This Tip was first run in October 2006. This "encore tip" is a reminder to be professional in email.
Halloween is a time for scary stories – tales of vampires and ghouls rising from the dead to terrify innocents – a time when things that you thought were dead and buried come back to haunt you.
Unfortunately, the analogy between badly written email and the undead is sometimes all too appropriate. A hasty word can return to haunt you long after you hit the send button and thought the conversation was over. Careers have been destroyed, money lost and relationships ruined when an email returned from beyond.
Americans have a bad habit of treating email very casually – as an extension of our last phone conversation or a continuation of the chat in the hallway. We assume that the message is private and that recipient will understand the context and correctly interpret our tone.
In fact, email is more like a postcard – anyone can read it while it’s in transit and any of the recipients can save it, forward it or post it to the internet. Electronic copies can remain in archives and electronic message hubs all over the Internet – places that neither the sender nor the recipient can control.

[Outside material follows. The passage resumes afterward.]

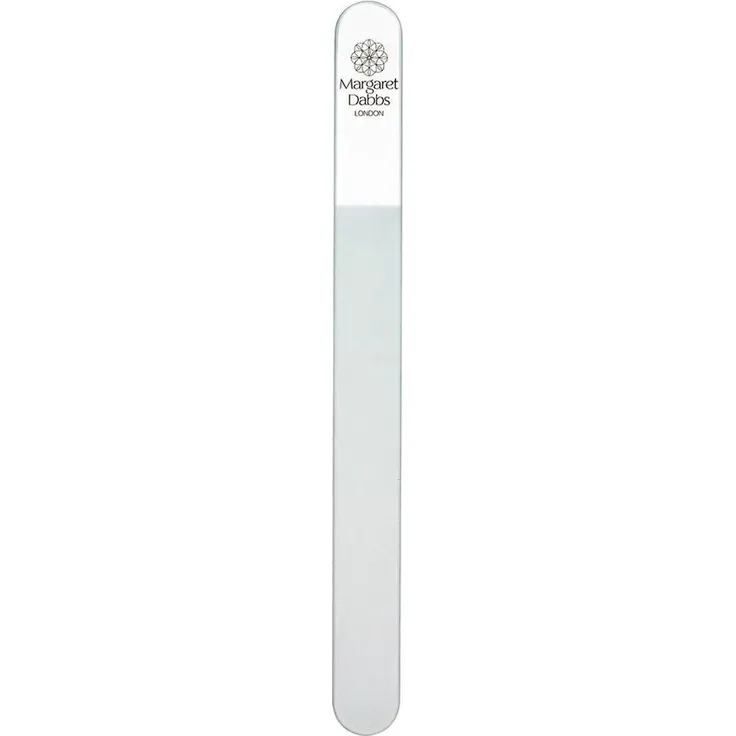 Margaret Dabbs Crystal Nail File Nägel kürzen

Emails can be subpoenaed and forced into the public record. You have no right of privacy in your email, either sent or received. When you write an email, you must assume that it will be read by an unknown and unforeseen audience.
That unknown audience will assume that you carefully crafted and wordsmithed your message (or, if not, that the hurried email is evidence of the writer’s “real state of mind”). They will not believe that you were “just joking” and won’t care that you were trying to dash off a quick note. They will interpret the tone according to their own preconceptions.

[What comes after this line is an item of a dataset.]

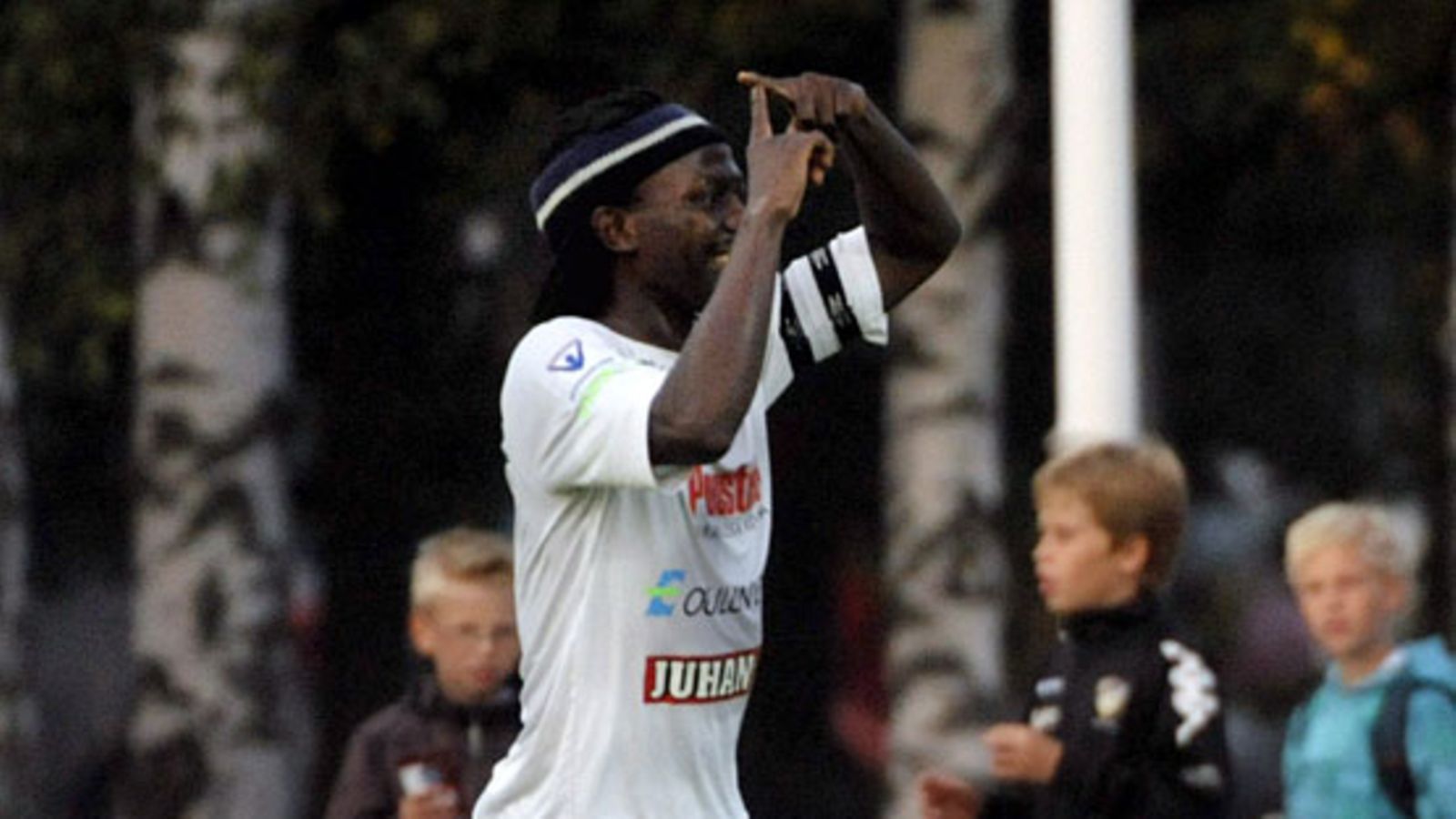 Dominic Yobe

Always assume that anything you write will come out at the worst possible time and in the worst possible light. Be professional in your email. Include enough context that the unforeseen reader understands the message. Be personable yet professional in tone. (In particular, never use sarcasm in email.) Never write anything that you would be embarrassed to see on the front page of tomorrow’s newspaper.
Remember, email can come back to haunt you.